Heather Macintosh November 18, 2011 at 11:41 PM
Tim, Steve, Let's make our kids' education the priority rather than all the other stuff. My 9th grader plays sports and has other after-school activities and I don't feel that pushing the school start time back by 40 minutes would be a disaster. We could either push sports back 40 minutes, or limit practice time to whatever works for families & kids. The after-school job might have to go - maybe high-schoolers can work on the weekend instead. Maybe they practice or do an activity before school if they choose. When kids are in elementary school, they don't start until 9:00 in our area - what do parents do about that when they have to work? They figure something out. Other things can shift around school. It can work.
Terra Ziporyn Snider, Ph.D. December 01, 2011 at 12:54 PM
The petition for later school start time just reached 1000 names!

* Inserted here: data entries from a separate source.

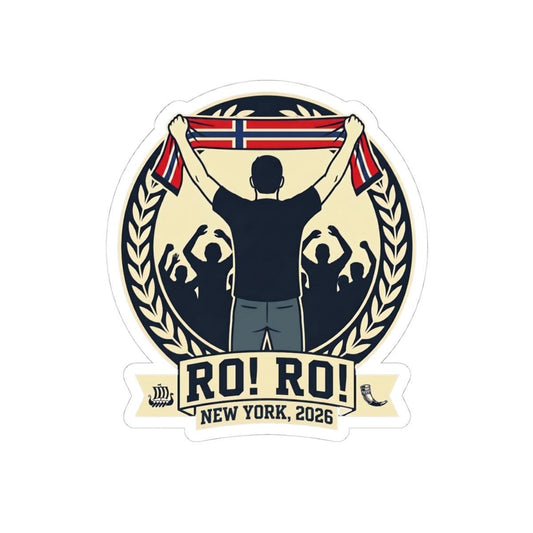 Die-cut sticker of a Norway fan badge with a supporter waving a flag scarf and the text Ro! Ro! New York 2026.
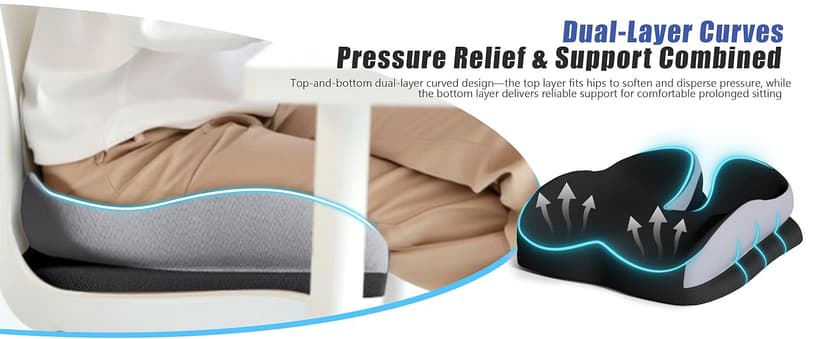 Seat Cushions for Office Chairs Wheelchair Cushion for Long Sitting Back Pain,Memory Foam Seat Car Computer Desk Chair Cushion,Coccyx Cushion for Tailbone Pain Relief Cushion Office Chair Black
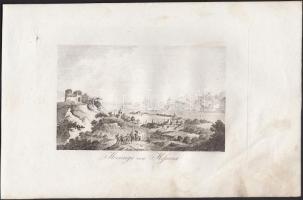 cca 1800 3 db olaszországi témájú rézmetszet (Triest, Etna, Messina)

Our goal is to grow this to 5000 names, at which point we'll deliver the petition in person in DC. If you still haven't had a chance to sign and want to see sane, humane school hours, go to http://bit.ly/tWa4dS . Meanwhile, check out our growing national coalition of parents, teachers, students, health professionals, sleep scientists, etc. at StartSchoolLater.weebly.com
Terra Ziporyn Snider, Ph.D. January 09, 2012 at 04:46 AM
We now have 2100+ names from all over the US on the petition to start school later (http://bit.ly/tWa4dS), as well as support from some of the country's leading sleep scientists and health professionals. Thanks to everyone who has supported this effort so far and to the Patch!
Jessica January 30, 2013 at 07:39 PM
Public schools are within the local jurisdiction not Federal/National, we really should not try to get the liberals to stick their hands in any more issues that should be local. I agree with a later start time for HS but I would also opt for an earlier one for ES so they have some outside play time after school before it gets dark. But don't make this into a Fed/National issue because it isn't.
Frances Keefe January 30, 2013 at 07:52 PM
The biggest problem is that State Legislatures continually reduce public school education budgets, and one of the first categories to get hit is usually transportation, resulting in 3-tiered busing systems, like we have in Pinellas County Florida. High schools start at 7:05am, and students are released at 1:50pm. Elementary schools start anywhere from 7:30am to 8:40am, and middle schools (for the most part) start at 9:30am!! And you're talking about parents having to deal with going to work and getting their kids to school? It's ridiculous, and the students are suffering because of it. However, no one at the State level wants to hear it, especially not now with state revenues down significantly. It's a sad state of affairs, and I really wish that they would put the students first, but I can't see that happening any time soon.